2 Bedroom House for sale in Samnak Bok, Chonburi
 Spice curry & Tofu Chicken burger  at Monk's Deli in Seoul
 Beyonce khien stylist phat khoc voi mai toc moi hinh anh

○ ○ ○ ○

The data above must be repeated in its entirety, exactly as given.

-- ANSWER SPACE --
2 Bedroom House for sale in Samnak Bok, Chonburi
 Spice curry & Tofu Chicken burger  at Monk's Deli in Seoul
 Beyonce khien stylist phat khoc voi mai toc moi hinh anh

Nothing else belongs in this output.